Frank
On célèbre Gide, on va redécouvrir l'insolent Morand, mais il ne faut pas manquer ce petit livre de Bernard Frank, Portraits et aphorismes25, fragments choisis dans son œuvre. Frank, au fond, est très gidien, c'est le regard de l'oncle ironique et précis sur la comédie sociale. Les vacheries de Frank sont aiguës et tendres. Je vais à la lettre S des portraits, et je lis, sur Sartre : « Sa mort avait commencé avant sa mort, quand il était devenu aveugle et qu'il servait d'homme-sandwich à des jeunes gens qui s'occupaient de mouvements plus ou moins révolutionnaires. » Sur Stendhal : « Stendhal est un gros garçon simple, un peu méchant comme tous les gens laids et qui parle avec naturel lorsqu'il n'essaie pas de faire le malin dans les rares salons où il est admis. »
Mais le meilleur portrait est à mon avis le Sollers : « C'est souvent ça, Sollers. Avec son entrain un peu factice, il gâche les bons sujets. » Et puis : « Un physique avantageux, une faconde bordelaise, des débuts foudroyants, de vieilles fées lourdes de gloire qui lui promettent monts et merveilles, et puis le jouvenceau écrit son second roman et on s'aperçoit qu'il n'avait rien à dire. » Encore : « Si Sollers tentait de réduire sa part de comédie, il écrirait d'une façon charmante. » Et encore : « Il y a toujours chez lui cette jactance de garçonnet, de petit coq, de minime qui sera peut-être demain l'une des étoiles du stade de Bordeaux. »
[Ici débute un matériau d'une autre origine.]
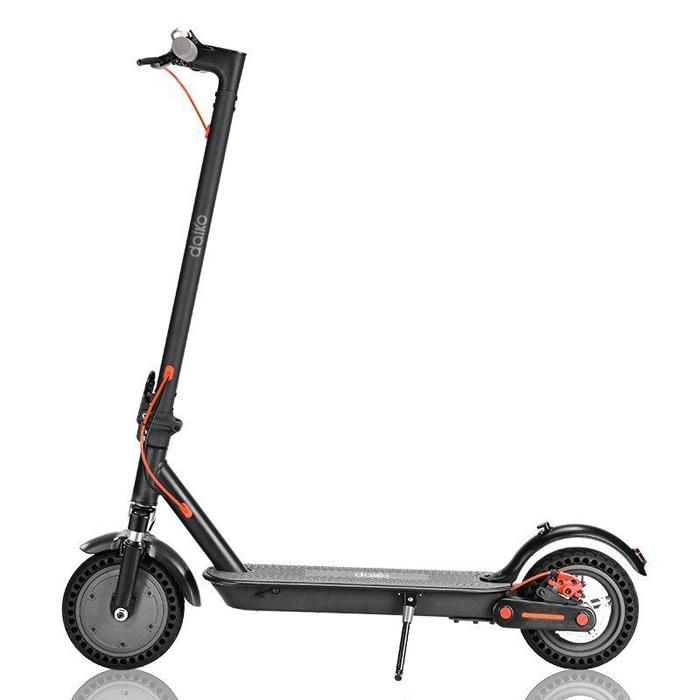 Trottinette électrique DAIKO Pliable Bluetooth Noir FLEXRIDE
Tout cela est merveilleusement envoyé, et si j'étais Sollers, ce jouvenceau, ce garçonnet, ce petit coq, je ne saurais plus où me mettre. Outre la bienveillance, cachée sous la rosserie, pour ce gamin qui n'arrive pas à grandir, on remarquera l'attirance et même l'obsession pour Bordeaux. Quand je vous disais qu'en France tous les vrais complots viennent d'Aquitaine. Les cadets de Gascogne sont le sel du pays.